What image comes to your mind when you hear the word “calories?” Is it a food label? A fitness influencer? Maybe even a weighing scale? Interestingly, all these three images are appropriate answers in their own way. But if confusion’s eating you up inside, don’t sweat it. We’re here to digest the true meaning and context of calories.
Delve into the world of calories and understand their significance. Calories fuel our bodies like money fuels our wallets. Finding the right balance is crucial for optimal function. Learn how to manage your calorie intake, whether for weight loss or gain, and discover tips for maintaining a healthy diet.
Scientifically speaking, a calorie is a unit of energy. It’s the measurement of how much power a specific food type provides to the body. All types of foods, whether fats, proteins, carbohydrates, or sugars, are important sources of calories necessary for people to function fully—without it, life’s a whole less fun, even downright impossible.
Imagine a wallet, if you will, and calories are money. The brain, muscles, and everything else in our body require a certain budget to function. Being broke on calories inevitably leads to a load of issues like loss of lean muscle mass, difficulty concentrating, poor energy levels, and many more.
Sticking to our wallet analogy, our daily sustenance is us topping up our accounts, so we have more to spend on our important body functions. But like everything in life, moderation is key. This is where ideal daily calorie intake comes into play. There’s no one-size-fits-all number, however, as there are several factors that can affect how high or low that range is. Here are some of those:
- Specific functions (such as for athletes)
- Pre-existing health conditions
- Lifestyle
- Age
- Sex
The folks at the National Nutritional Council say a moderately active middle-aged woman should consume around 2,000 calories a day. For men, they say the daily range is around 2,400 to 2,600 calories. No matter what they say, the safest way to tell how much your calorie intake should be is to ask a nutritionist or dietitian. They’ll take everything into consideration—your goal weight, how much you move on a daily basis, how old you are, etc.—and create a personalized meal plan for you.
Alternatively, you can also go at it solo. Just be sure to have these two things: patience to research the calorie content of various foods and a calorie counter to monitor your daily intake.
By now, you have a rough idea of how much you should consume per day, but there are reasons to go higher or lower than recommended. Here’s why some people—and maybe even you—would want to do that.
A calorie deficit, simply put, is eating less calories than your body needs to maintain its current weight and form. Needless to say, this is perfect for those trying to lose weight. On the opposite end of the plate is a calorie surplus, consuming more than your body’s maintenance level. If weight gain and more mass is what you’re looking for, this is your way in, especially if you’re experiencing uncontrollable weight loss.
Here are some diet tips to help you get a head start on your fitness goals:
One effective way of getting you into a calorie deficit is swapping out sugary drinks with water. Methods of portioning your food, like getting a smaller plate or preparing your meals ahead of time, are also ideal for gaining control of your food intake.
Going the low-calorie route, however, might affect your energy levels and leave you hungry most of the time. An energy-boosting versatile pantry staple is MILO®️, perfect for smoothies, breakfast spreads, overnight oats, and other desserts and snacks.
Eggs are also your best friend when you’re lessening your calorie intake without compromising on your nutrients. In addition, stocking up on Nestlé Greek Yogurt satisfies your dairy cravings and pairs well with melons and other low-calorie fruits.
For lunch or dinner, you might want to try this sinigang na bangus sa sampalok at bayabas recipe.
You don’t have to be a fitness buff to get acquainted with the benefits of having more protein, one of which is controlling your body weight. Protein keeps you full for longer periods of time, reducing impulsive snacking. It also enhances your metabolism—both when you’re moving and when you’re at rest—to help your body burn more calories.

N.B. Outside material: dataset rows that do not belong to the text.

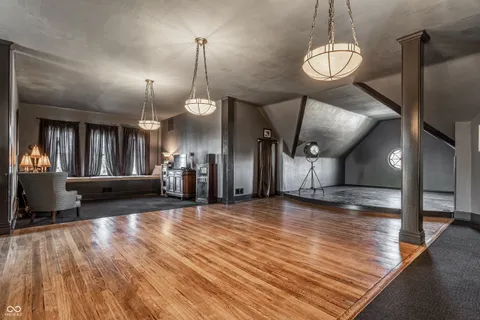 $749,995 | 825 East Washington Street, Muncie, IN 47305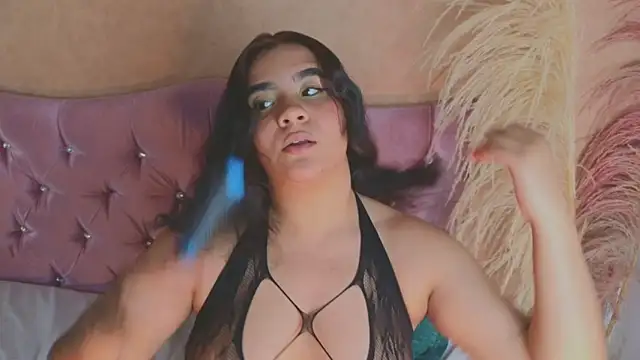 KARINAJTORRES's cam snapshot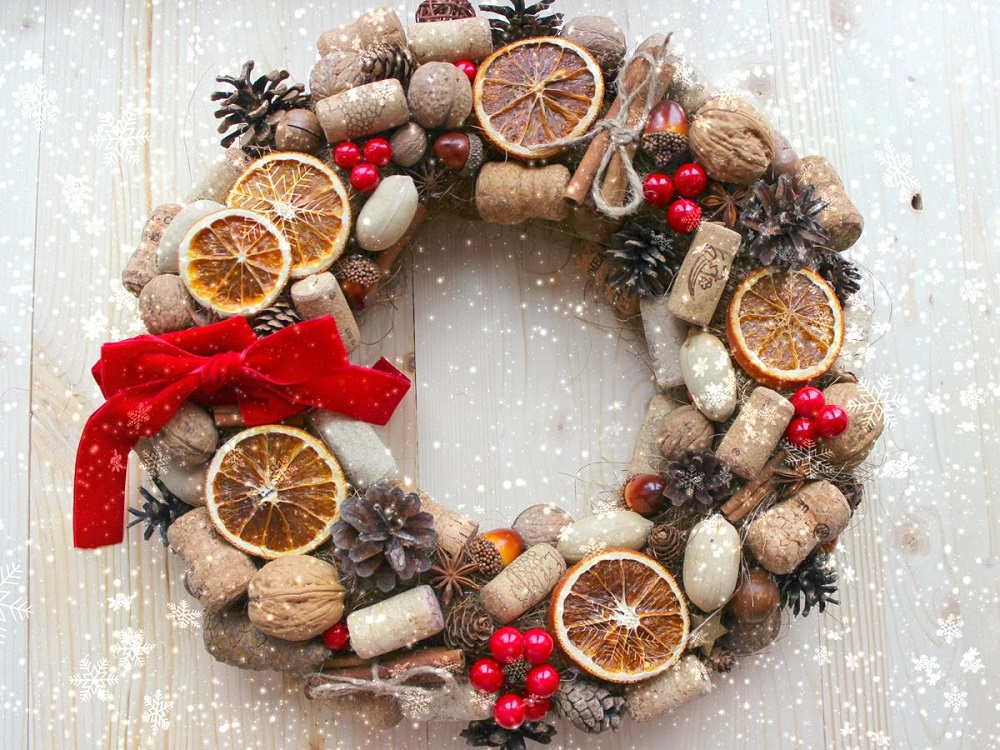 Un centro de mesa navideño con frutos secos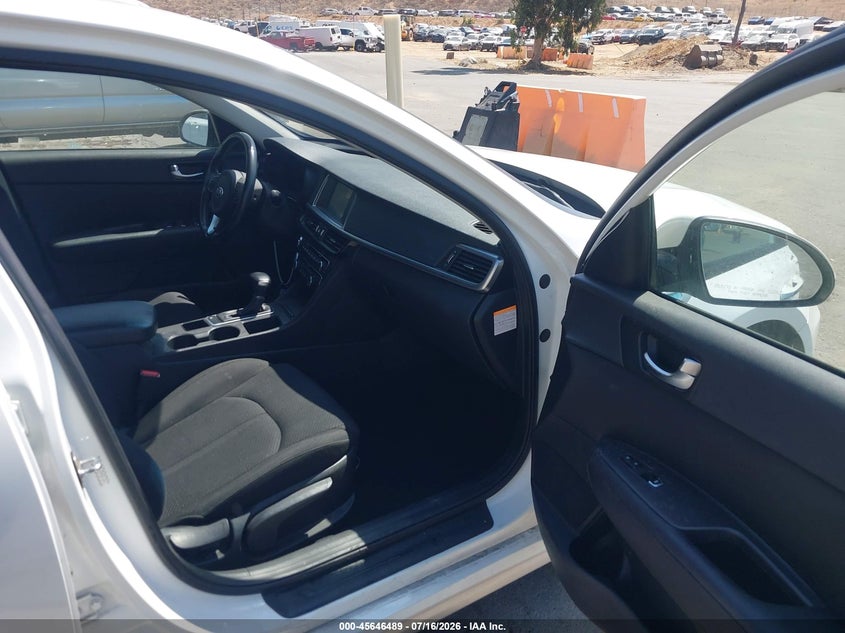 2017 KIA OPTIMA HYBRID auction photo 5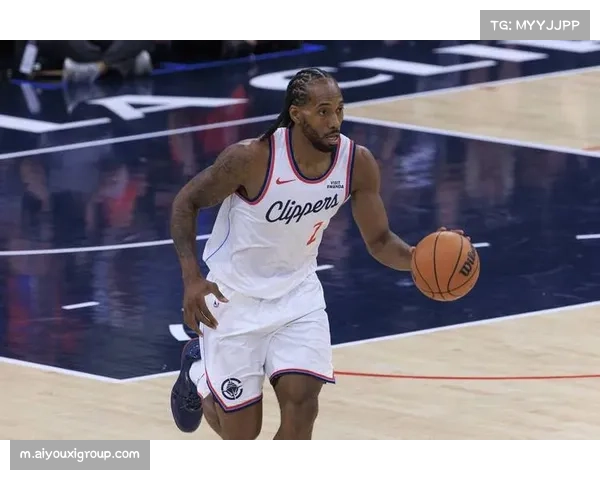 伦纳德中距离稳定性突出 快船战术设计围绕单打效率展开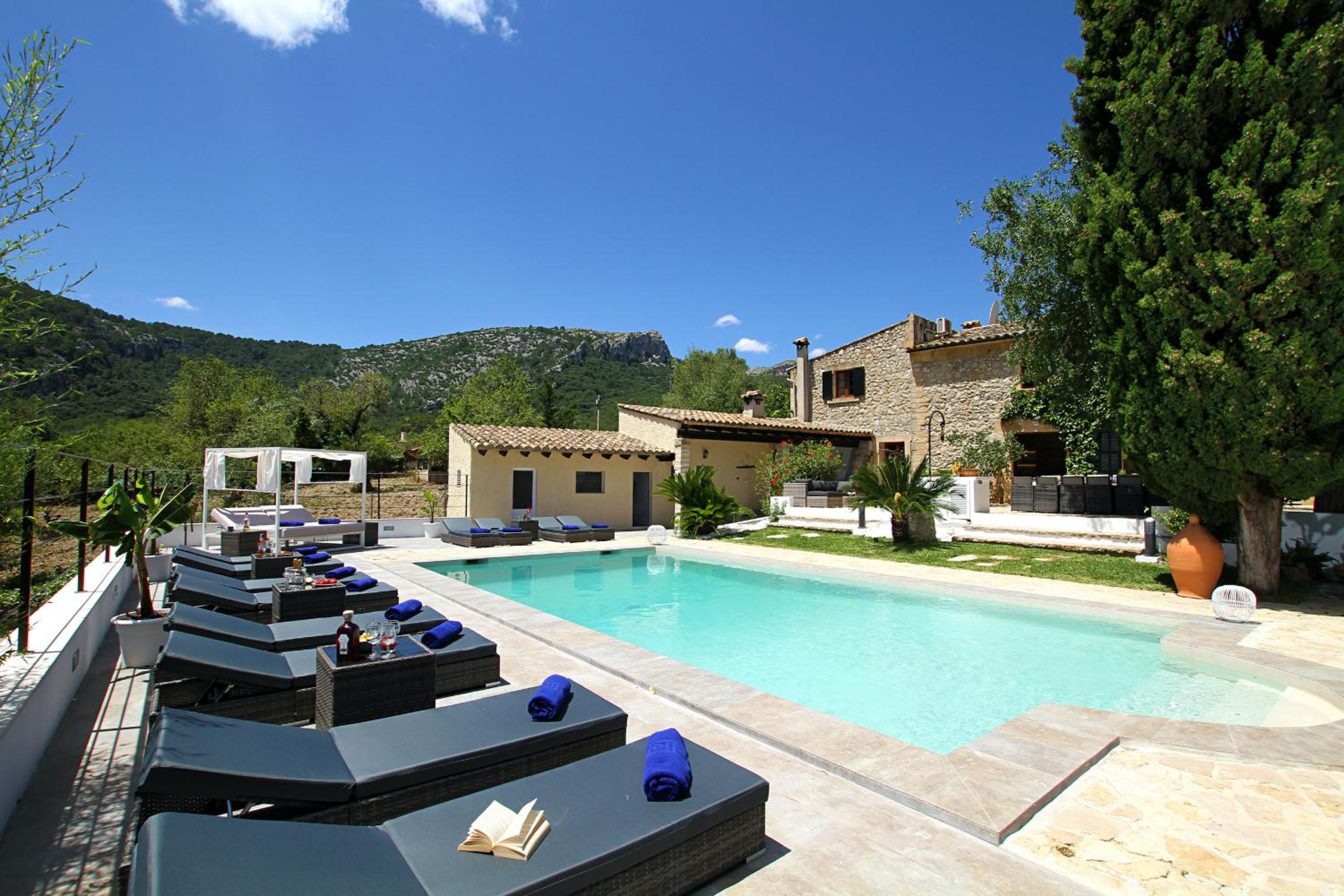 Villa Jaume Ramona view 4
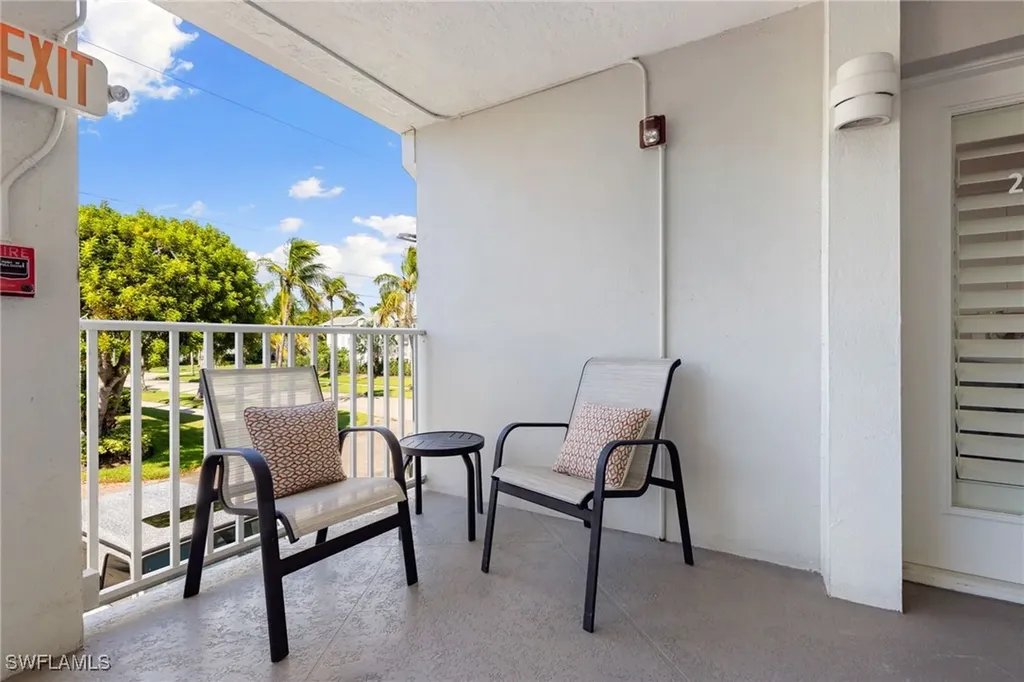 175 Fifth Avenue S Naples FL 34102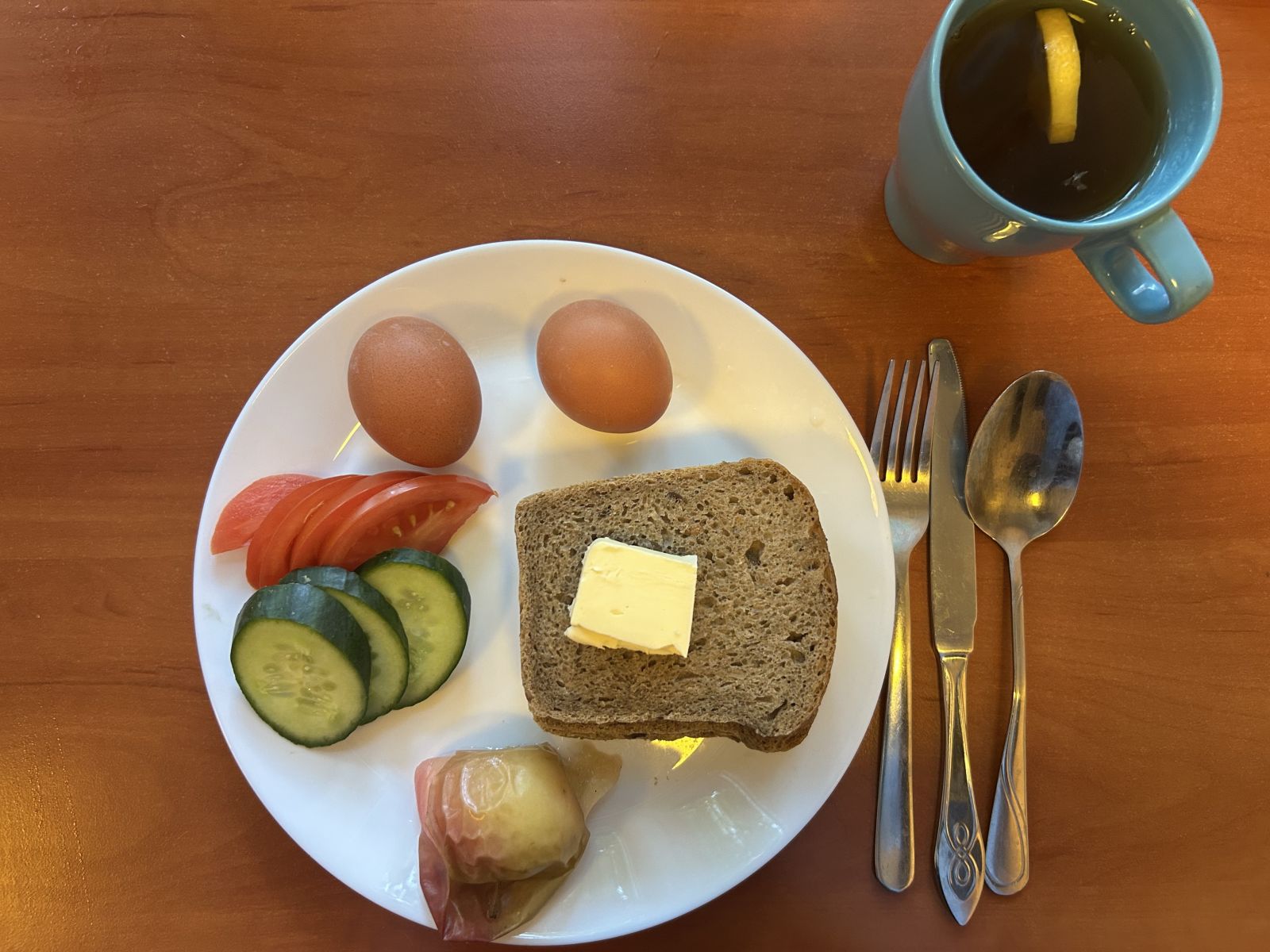 Chleb żytni, pomidor, ogórek, papryka, jaja, herbata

For meal ideas, you might want to check the following recipes:
Now you have the ins and outs of calories, don’t forget to consult your nutritionist before making huge changes in your eating habits. This will help you avoid any adverse effects like allergic reactions or digestive problems.
Lastly, always remember that mindful and smart choices in your diet will lead to a buffet of benefits in the long run!